Bergmann: Derivatives are powerful tools. They are like nuclear energy. Properly used they are very beneficial, very helpful; improperly used they become very dangerous. That's why derivatives are very powerful tools, because they have a lot of convexity. They have a lot of leverage. They zero in on risk, which most people misprice, or even ignore, because they don't understand it fully. Therefore, derivatives are very, very useful, if properly used. If people who don't know what they're doing start playing with them, clearly it's more dangerous.
CDS are a great way of understanding credit risk and of hedging credit risk, but they can be used also to leverage credit risk. When people who don't understand take those risks, you see what happens, as in 2008.
OR: When you look at the world and at global markets right now, what's the biggest risk you see?
Bergmann: Our hedging strategies are divided into two categories. One is based on something called proactive risks, the risks that we see on the horizon. Those are the things that we hedge. Let me say here that half of our book consists of what are called reactive hedges. Reactive hedges are trades, positions, that make a lot of money if the market goes down. Irrespective of why it went down. In other words, they are basically reactionary to the market, rather than predictive. But if I look at the market risks on our proactive book, the main things that have us worried are the following.
One issue is clearly China. We have been saying that this is an issue for a long time, and the reason is because the economic and political situation there is unclear. It's very unclear where its government is trying to go. It’s not an open economy. They're extremely big, and very important to world trade. Therefore, the mere fact that China’s policy is an unknown -- a policy so mixed with politics, run by so few people in such an opaque way -- creates in itself a huge risk. I don't think the risk is internal so much as external, less of China blowing itself up than the people who depend on it for trade: countries, the economies of which are commodity-based, as well as the Asian currencies which depend on exports to China.

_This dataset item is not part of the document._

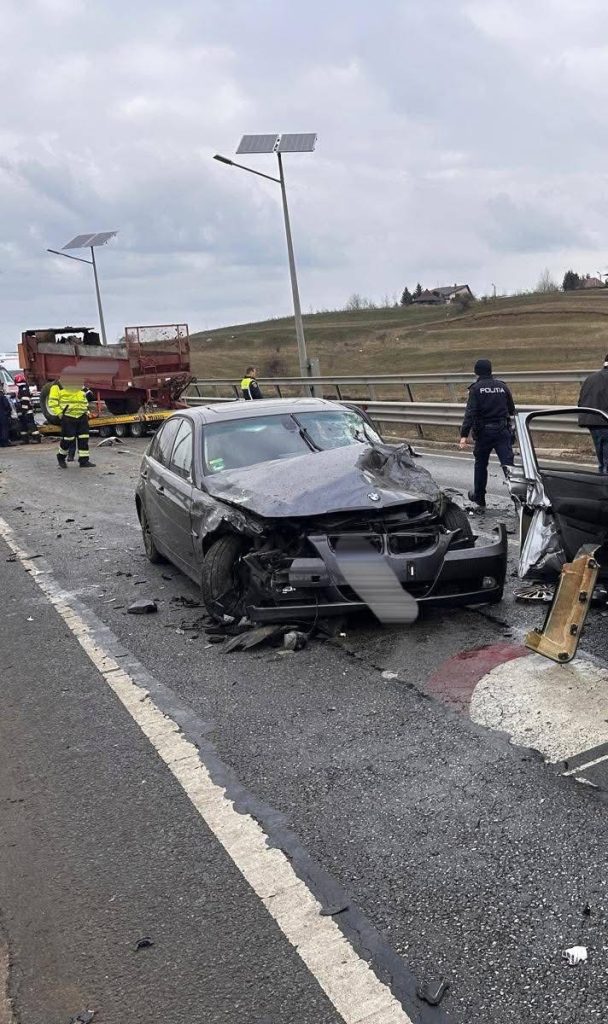 Accident grav pe centura Sucevei, patru persoane rănite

China is shifting from an infrastructure economy -- an economy that depends on building roads to nowhere, so to speak -- to a consumer economy. An infrastructure economy is an imbalanced economy. It's an economy that produces things. They sell, they keep the money, but they don't create a consumer base. The natural outgrowth of that is the creation of oversupply. That's what they're going through. China is shifting to a consumer economy and a lot of economies that are dependent on the old China are going to get hurt -- I mean economies that depend on exporting commodities to China. That works with an infrastructure economy. Not as well on a consumer economy. The risk there is that as this shift is going on, the world is not prepared.

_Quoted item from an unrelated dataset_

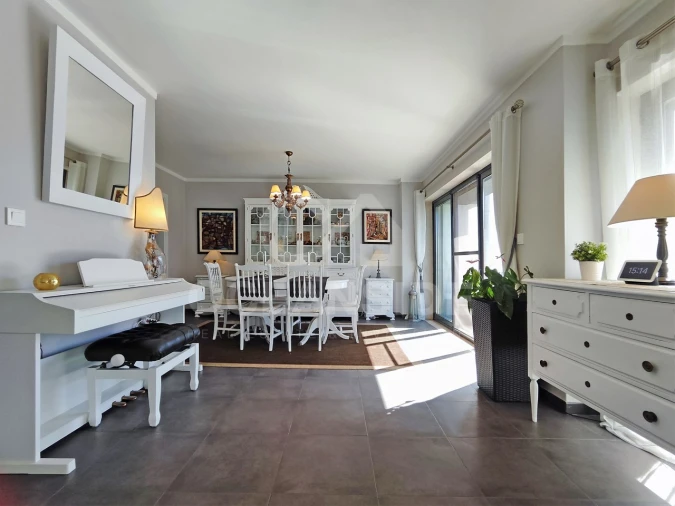 Moradia T4 para Venda em Barcarena Foto 13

The second big risk is geopolitical risk, as such. The geopolitical risks out there are many and growing. Consider the instability in the Middle East: we see its primary foci as Syria, Iraq, and ISIS. It's a matter of time before that last group crosses the ocean. Connected to this is the mass migration to Europe we’ve been seeing in the past months. I think this mass migration to Europe creates a different set of risks. It puts even more pressure on Europe, it creates a lot of strain on the European Union. Already we have the issue of economic imbalance within the euro zone; added to this is a phenomenon that will put political strain on union in Europe. I think Europe is a risk, and remains a risk, because of this marriage of countries called the E.U., which lacks any real mechanism for orderly breakup or exits. It's clearly, to some members, a bad marriage. At some point, I think, this instability will come more prominently to the fore. There’s another specific political risk here, too: the massive migration of Middle Easterners into European countries gives a lot of ammunition to the extreme right. And the extreme right is not a fan of a unified Europe.
Ari Bergmann is the founder and managing principal of Penso Capital.